Jawaharlal Nehru Technological University Hyderabad, Andhra Pradesh, India

Abstract

The Global Positioning System (GPS) is a satellite based navigation system operated by the U.S. Department of Defense (DoD). The positional accuracy of GPS is affected by various error sources such as satellite and receiver clocks, ionosphere, troposphere, multipath, receiver measurement noise and instrumental biases. The ionospheric delay is the most predominant of all the errors and is a function of the total electron content (TEC). TEC can be estimated using the dual frequency code and/or carrier phase observations. The carrier phase observations are more precise than the code observations, but are affected by the integer cycle ambiguities. In order to take full advantage of the precision of the carrier phase data, the integer ambiguities must be resolved. Several methods for resolving integer ambiguities, based on multiple station data are reported in the literature. However, it is difficult to obtain real time TEC measurements using the multi-station techniques. In this paper, a prominent single-station technique for estimation of TEC using the carrier phase data is used. The smoothed code observables are used to reduce the effect of code measurement noise. The results of TEC estimation are validated using the Bernese GPS software.

  1. Introduction

    The Global Positioning System (GPS) is a passive (one-way) ranging system. The satellites broadcast ranging signals and navigation data on L-band frequencies. The user receivers convert signal information into position, velocity and time estimates. GPS was designed as a dual-use (military and civilian) system and achieved full operational capability (FOC) on July 17, 1995 with 24 Block II/IIA satellites [1]. The basic measurement made by a GPS receiver is the time taken for a signal to propagate from the GPS satellite to the receiver. Knowing the signal transit (travel) time, the distance (range) between the satellite and the receiver can be determined, by

    multiplying the transit time with the speed of light. Using a principle called trilateration, the user position in three dimensions could be computed with the knowledge of the range measurement to three satellites, with known satellite positions. As the receiver and satellite clocks are not perfectly synchronized, another range measurement from a fourth satellite is needed to estimate the receiver clock bias [2]. The measured range differs from the true range due to several errors, and hence is known as pseudorange.

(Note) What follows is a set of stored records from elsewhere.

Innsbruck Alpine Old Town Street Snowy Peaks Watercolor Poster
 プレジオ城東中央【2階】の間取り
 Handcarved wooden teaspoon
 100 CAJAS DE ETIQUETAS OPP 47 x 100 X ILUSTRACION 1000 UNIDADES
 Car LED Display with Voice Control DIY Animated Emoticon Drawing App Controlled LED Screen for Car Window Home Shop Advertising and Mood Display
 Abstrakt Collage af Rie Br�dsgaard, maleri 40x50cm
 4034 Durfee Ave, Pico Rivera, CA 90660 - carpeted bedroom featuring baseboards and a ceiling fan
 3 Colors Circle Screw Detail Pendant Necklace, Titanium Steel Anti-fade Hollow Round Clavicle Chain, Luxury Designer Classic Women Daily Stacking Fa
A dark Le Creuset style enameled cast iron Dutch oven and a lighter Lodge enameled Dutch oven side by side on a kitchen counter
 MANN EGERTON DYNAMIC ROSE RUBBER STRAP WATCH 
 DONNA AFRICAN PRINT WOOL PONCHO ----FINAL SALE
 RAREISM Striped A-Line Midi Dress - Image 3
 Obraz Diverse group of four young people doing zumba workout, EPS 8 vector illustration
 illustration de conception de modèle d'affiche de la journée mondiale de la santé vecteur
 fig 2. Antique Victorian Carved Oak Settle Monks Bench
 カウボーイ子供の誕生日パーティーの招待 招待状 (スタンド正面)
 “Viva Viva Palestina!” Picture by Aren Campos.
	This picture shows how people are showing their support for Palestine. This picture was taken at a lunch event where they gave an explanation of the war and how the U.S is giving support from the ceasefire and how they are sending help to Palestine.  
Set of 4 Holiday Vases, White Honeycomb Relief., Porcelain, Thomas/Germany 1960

    The ionosphere is the largest source of error in GPS positioning and navigation. It is a region of ionized particles, with equal number of free electrons and positive ions that control the behaviour of radio waves. The ionosphere extends from about 50 km to more than 1000 km above the earths surface. In the ionosphere, the principal source of ionization is the electromagnetic radiation from the sun. As the GPS signal travels through the ionosphere, it is delayed by the effect of free electrons. This delay due to the ionosphere changes the transit time, and therefore, the apparent range to the satellite. The ionospheric delay error depends on the density of free electrons along the propagation path from the satellite to the receiver, and can vary from a few metres to more than fifteen metres within a day. A single frequency GPS receiver can be used to estimate the ionospheric delay, but it can remove only 60% of the error [3]. The dual frequency GPS observables, viz. code and carrier phase can be used to estimate the ionospheric delay more accurately. The carrier phase measurements can precisely track TEC. In order to fully exploit the high accuracy of the carrier phase data, the integer ambiguities present in them must be resolved to their correct integer value since one cycle on L1 carrier may translate, to a position error of about 19 cm.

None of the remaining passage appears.